Hard Real-Time Systems and Many-Core Platforms
This talk will illustrate the difficulties of obtaining timing guarantees from multi- and many-core
platforms. Global scheduling, partitioned scheduling and semi-partitioned scheduling will be
addressed. The requirements for a NoC (Network-on-Chip) will be outlined and the wormhole
protocol, and its associated analysis, will be covered. Problems that have arisen with this
analysis will be reviewed and will include the current state-of-the-art. Finally a different
means of analysing complex platforms will be presented; here predictability is engineered
to be an emergent property.
Professor Alan Burns is a member of the Department of Computer Science, University of York, U.K. His research interests cover a number of aspects of real-time systems including the assessment of languages for use in the real-time domain, distributed operating systems, the formal specification of scheduling algorithms and implementation strategies, and the design of dependable user interfaces to real-time applications. Professor Burns has authored/co-authored 500 papers/reports and books. Most of these are in the real-time area. His teaching activities include courses in Operating Systems and Real-time Systems. In 2009 Professor Burns was elected a Fellow of the Royal Academy of Engineering. In 2012 he was elected a Fellow of the IEEE.

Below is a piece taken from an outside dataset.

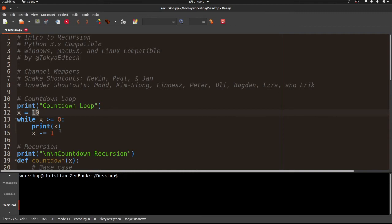So we have 10 — 10 is greater than or equal to zero, print 10, subtract 1 gives us 9, print 9, and so on. Once we get to zero, zero is greater than or equal to zero so we print it. Then we get to negative 1 — is negative 1 greater than or equal to zero? No, the loop is over and we continue with the rest of the program.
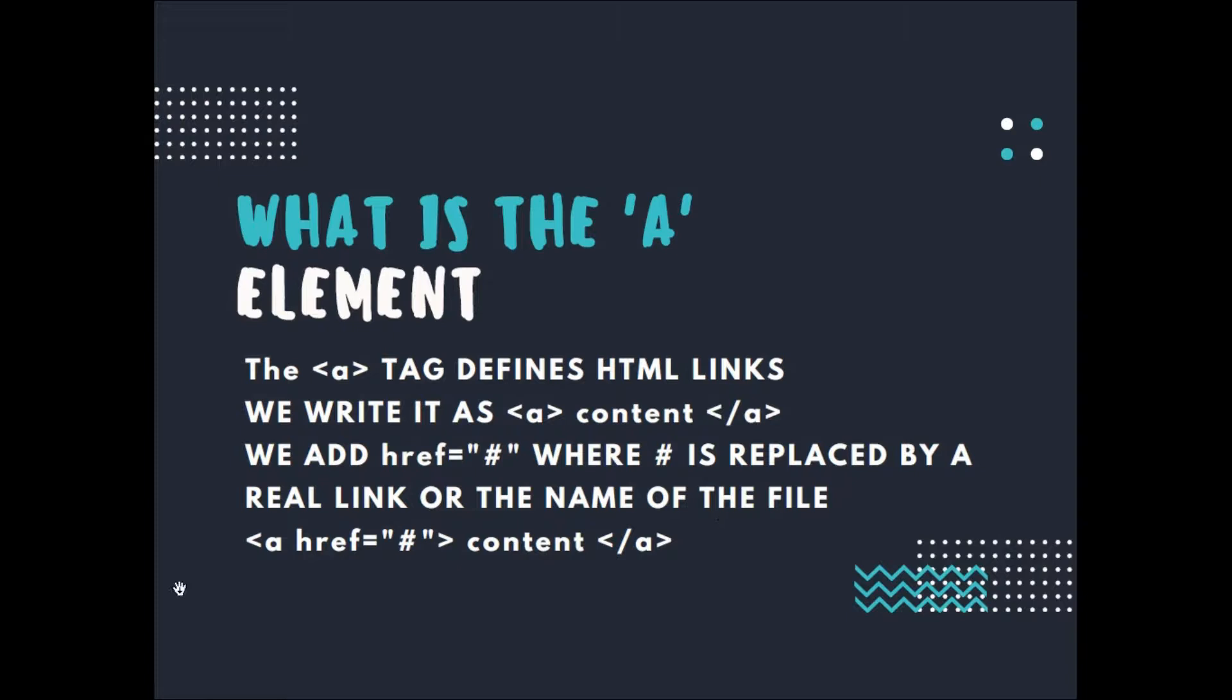For example: A, href equals hashtag - this is our opening tag - content, then the closing tag of A.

Making the case for the safety of machine learning for highly automated driving
Machine learning technologies such as neural networks show great potential for enabling automated driving functions in an open world context. However, these technologies can only be released for series production if it can be demonstrated to be sufficiently safe. As a result, convincing arguments need to be made for the safety of automated driving systems based on such technologies. This talk examines the various forms in which machine learning can be applied to automated driving and the resulting functional safety challenges. A systems engineering approach is proposed to derive a precise definition of the performance requirements on the function to be implemented on which to base the safety case. A systematic approach to structuring the safety case, is introduced and a number of open research questions are presented.

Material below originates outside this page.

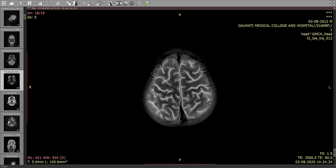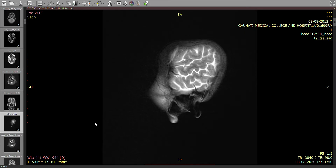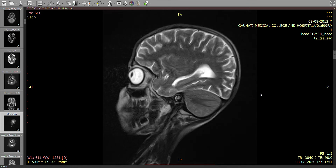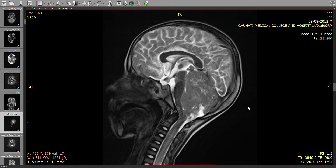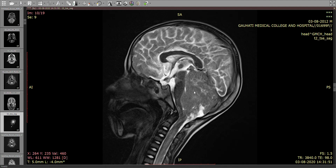Coming to the T2 sagittal images, it is seen very clearly how this mass is centered in the fourth ventricle, causing mass effect on the brainstem anteriorly. It seems to be arising from the vermis and is expanding the fourth ventricle.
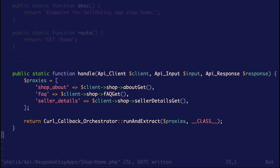From the endpoint author's point of view, the code looks sequential and single-threaded. You just list calls like shop-about, FAQ, seller-details, and then run the curl-callback-orchestrator. It looks sequential — it's just a list of proxy calls to other endpoints. We're getting closer to a declarative style. And all of a sudden, we have a distributed system. Oops.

Dr. Simon Burton graduated in computer science at the University of York, where he also achieved his Phd on the topic of the verification and validation of safety-critical systems. Dr. Burton has a background in a number of safety-critical industries. He has spent the last 16 years mainly focusing on automotive, working in research and development projects within a major OEM as well as leading consulting, engineering service and product organisations supporting OEM's and their supply chain with solutions for process improvement, embedded software, safety and security. He currently has the role of Chief Expert within the Robert Bosch GmbH Central Research division, where he coordinates research strategy in the area of safety, security, reliability and availability of software intensive systems.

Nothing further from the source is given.